In New Mexico, P. parvum was first reported in the 1980s (New Mexico Department of Game and Fish [NMDGF], 2004). From 2002 to 2007, P. parvum blooms caused extensive fish kills in Brantley, Bataan, and Carlsbad Municipal Reservoirs in the lower Pecos River (New Mexico Aquatic Invasive Species Management Plan, 2008). Blooms were also reported in isolated ponds near Eunice and Roswell (NMDGF, 2004, 2005), and toxic golden algae blooms led to fish kills in McAllister Lake in Las Vegas (S. Hopkins, personal communication, January 22, 2009).

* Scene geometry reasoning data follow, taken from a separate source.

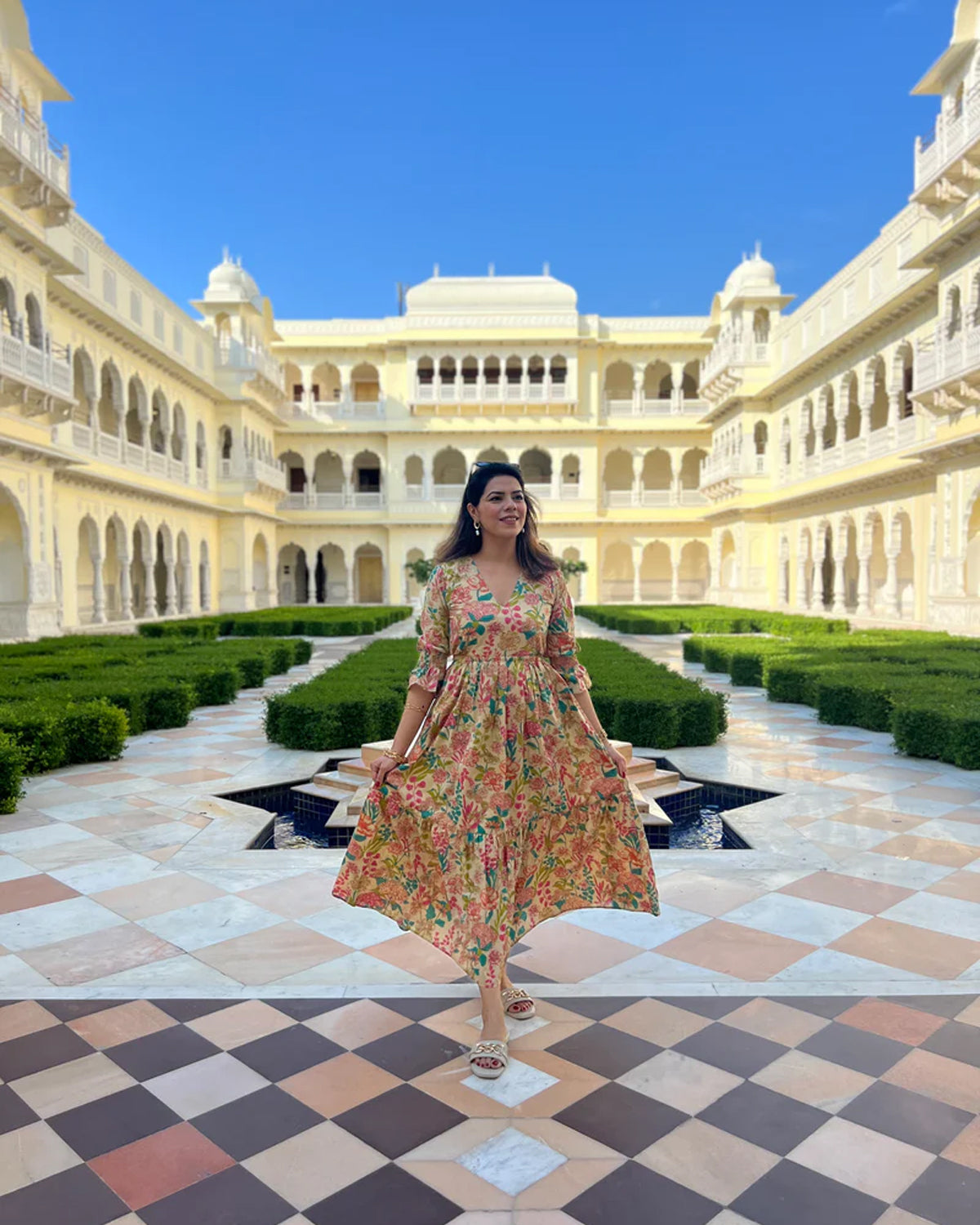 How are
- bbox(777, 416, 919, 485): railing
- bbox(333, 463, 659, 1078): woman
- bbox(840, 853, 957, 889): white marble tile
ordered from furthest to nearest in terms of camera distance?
bbox(777, 416, 919, 485): railing → bbox(840, 853, 957, 889): white marble tile → bbox(333, 463, 659, 1078): woman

What Do Golden Algae Look Like?

These single-celled organisms are ellipsoid or oval in shape, with cells ranging from 8 to 11 µm in length and 4 to 6 µm in width (Green et al., 1982). Each P. parvum cell has two equal “tails” called flagella and a short, flexible peg-like organelle called a haptonema (Figure 1). The flagella are used for motility and the haptonema may be used for attachment or feeding. Prymnesium parvum cells have two saddle-shaped chloroplasts that are usually yellow-green to olive in color. Microscopic examination of subsurface water samples (P. parvum is light sensitive and avoids the water surface) at magnifications of 400 to 1,000× is required for identification, and confirmation requires the examination of the scale morphology using electron microscopy or molecular-based techniques (Galuzzi et al., 2008). Proper identification of this alga requires experience.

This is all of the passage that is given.